The low-cost African airline said that in order to carry out its restructuring plan and to address its funding requirements, it "remains in active discussions" with investors for the disposal of its holding in its Zimbabwe unit.
This restructure would involve Fastjet selling its Zimbabwe business for USD8.0 million to a consortium which includes Solenta Aviation Holdings Ltd, which is the 60% shareholder in Fastjet.
Whilst discussions are ongoing, the company said it cannot guarantee a successful outcome.
"If the group is unable to carry out the restructuring proposal by the end of March 2020 it would be unable to continue trading as a going concern," Fastjet said.
In October the company had announced it suspended flight operations in Mozambique amid "ongoing supply and demand challenges". During the first six months of 2019, revenue from Mozambique had fallen to USD2 million from USD4 million a year prior.

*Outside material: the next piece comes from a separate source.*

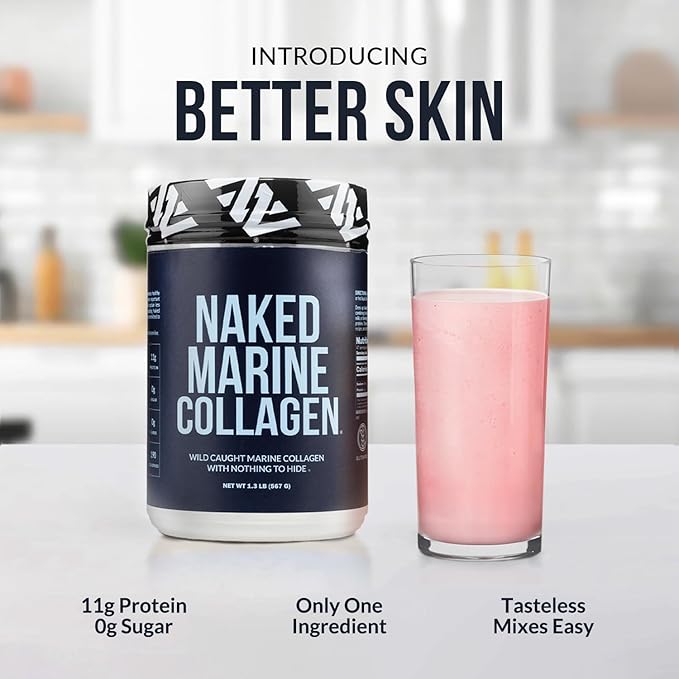 NAKED Marine Collagen Peptides Protein Powder - Unflavored - from Wild Caught Cod - Paleo Friendly Non-GMO Soy-Free Gluten-Free - 47 Servings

In a trading update for the year ended December 31, Fastjet said its revenue, including the Zimbabwe unit, is expected to be USD42 million, up from USD39 million a year before.
Loss after tax is expected to be USD7 million to USD8 million compared to a loss of USD65 million the year before.
"Trading to the year end, including through the peak holiday season, was in line with management's expectations," the company said.
Fastjet shares were trading 1.8% higher in London at 0.17 pence each on Monday.